In the data below, find every line that has the string "White", and copy it.

** Opening Records supplied block **

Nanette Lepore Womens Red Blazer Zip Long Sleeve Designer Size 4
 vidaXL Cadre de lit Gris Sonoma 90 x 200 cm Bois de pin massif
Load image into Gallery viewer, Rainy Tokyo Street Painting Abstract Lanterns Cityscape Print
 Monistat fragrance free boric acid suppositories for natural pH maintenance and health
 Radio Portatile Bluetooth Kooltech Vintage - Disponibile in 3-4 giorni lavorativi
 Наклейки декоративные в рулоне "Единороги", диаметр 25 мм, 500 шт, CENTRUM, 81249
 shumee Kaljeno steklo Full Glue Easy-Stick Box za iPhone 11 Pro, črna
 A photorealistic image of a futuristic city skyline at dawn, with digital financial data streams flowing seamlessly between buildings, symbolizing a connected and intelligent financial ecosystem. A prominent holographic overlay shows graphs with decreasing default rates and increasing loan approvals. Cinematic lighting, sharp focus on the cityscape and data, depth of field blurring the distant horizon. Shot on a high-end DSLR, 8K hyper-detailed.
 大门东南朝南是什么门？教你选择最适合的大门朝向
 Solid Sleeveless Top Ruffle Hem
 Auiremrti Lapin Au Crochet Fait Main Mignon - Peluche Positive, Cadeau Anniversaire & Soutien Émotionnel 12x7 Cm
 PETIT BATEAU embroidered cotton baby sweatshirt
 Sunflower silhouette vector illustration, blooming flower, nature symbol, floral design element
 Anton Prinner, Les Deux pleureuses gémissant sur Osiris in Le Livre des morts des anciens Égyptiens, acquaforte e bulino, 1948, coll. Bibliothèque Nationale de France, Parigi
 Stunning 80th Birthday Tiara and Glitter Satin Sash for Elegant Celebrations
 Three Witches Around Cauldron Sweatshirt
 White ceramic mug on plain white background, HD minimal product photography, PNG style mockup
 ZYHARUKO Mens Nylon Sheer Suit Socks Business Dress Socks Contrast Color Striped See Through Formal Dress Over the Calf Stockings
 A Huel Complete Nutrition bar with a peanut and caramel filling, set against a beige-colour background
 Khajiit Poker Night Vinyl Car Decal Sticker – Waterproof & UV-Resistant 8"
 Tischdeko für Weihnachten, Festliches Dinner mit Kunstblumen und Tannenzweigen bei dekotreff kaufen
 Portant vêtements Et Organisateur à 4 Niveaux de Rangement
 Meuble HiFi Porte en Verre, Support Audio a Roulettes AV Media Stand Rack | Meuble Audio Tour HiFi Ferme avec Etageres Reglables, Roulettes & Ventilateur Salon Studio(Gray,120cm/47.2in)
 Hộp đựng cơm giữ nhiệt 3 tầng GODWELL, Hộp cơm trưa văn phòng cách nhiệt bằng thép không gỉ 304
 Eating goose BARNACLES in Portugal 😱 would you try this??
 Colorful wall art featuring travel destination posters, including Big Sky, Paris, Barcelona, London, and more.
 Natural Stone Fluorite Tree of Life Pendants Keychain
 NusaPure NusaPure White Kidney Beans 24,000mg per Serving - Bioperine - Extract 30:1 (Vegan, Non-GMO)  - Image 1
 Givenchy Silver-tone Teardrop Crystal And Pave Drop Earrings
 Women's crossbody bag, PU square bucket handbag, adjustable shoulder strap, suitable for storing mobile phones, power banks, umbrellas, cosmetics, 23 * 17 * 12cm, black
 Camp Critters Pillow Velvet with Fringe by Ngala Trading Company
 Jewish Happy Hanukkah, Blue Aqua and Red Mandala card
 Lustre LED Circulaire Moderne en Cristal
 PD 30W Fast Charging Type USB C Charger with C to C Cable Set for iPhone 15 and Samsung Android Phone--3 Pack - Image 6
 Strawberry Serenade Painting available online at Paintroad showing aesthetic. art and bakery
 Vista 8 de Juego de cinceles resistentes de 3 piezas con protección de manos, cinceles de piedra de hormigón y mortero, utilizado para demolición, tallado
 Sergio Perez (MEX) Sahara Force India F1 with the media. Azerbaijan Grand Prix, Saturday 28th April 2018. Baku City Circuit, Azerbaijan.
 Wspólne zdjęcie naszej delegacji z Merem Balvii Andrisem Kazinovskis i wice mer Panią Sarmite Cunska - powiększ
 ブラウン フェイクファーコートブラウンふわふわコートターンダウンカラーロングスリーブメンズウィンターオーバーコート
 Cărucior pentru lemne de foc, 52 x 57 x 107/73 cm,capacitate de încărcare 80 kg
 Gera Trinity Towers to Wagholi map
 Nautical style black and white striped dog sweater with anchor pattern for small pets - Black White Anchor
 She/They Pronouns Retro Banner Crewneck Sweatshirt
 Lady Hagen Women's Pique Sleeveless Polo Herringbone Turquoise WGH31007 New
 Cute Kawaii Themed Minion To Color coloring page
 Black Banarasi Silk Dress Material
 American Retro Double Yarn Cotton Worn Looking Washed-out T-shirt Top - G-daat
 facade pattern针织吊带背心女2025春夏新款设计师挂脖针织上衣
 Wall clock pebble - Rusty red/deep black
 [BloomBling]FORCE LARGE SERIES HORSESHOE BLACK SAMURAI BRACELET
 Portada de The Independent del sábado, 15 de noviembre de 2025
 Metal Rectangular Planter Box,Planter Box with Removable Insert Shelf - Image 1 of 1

** Closing Records supplied block **

▸ **Result of this exercise**:
 White ceramic mug on plain white background, HD minimal product photography, PNG style mockup
 NusaPure NusaPure White Kidney Beans 24,000mg per Serving - Bioperine - Extract 30:1 (Vegan, Non-GMO)  - Image 1
 Nautical style black and white striped dog sweater with anchor pattern for small pets - Black White Anchor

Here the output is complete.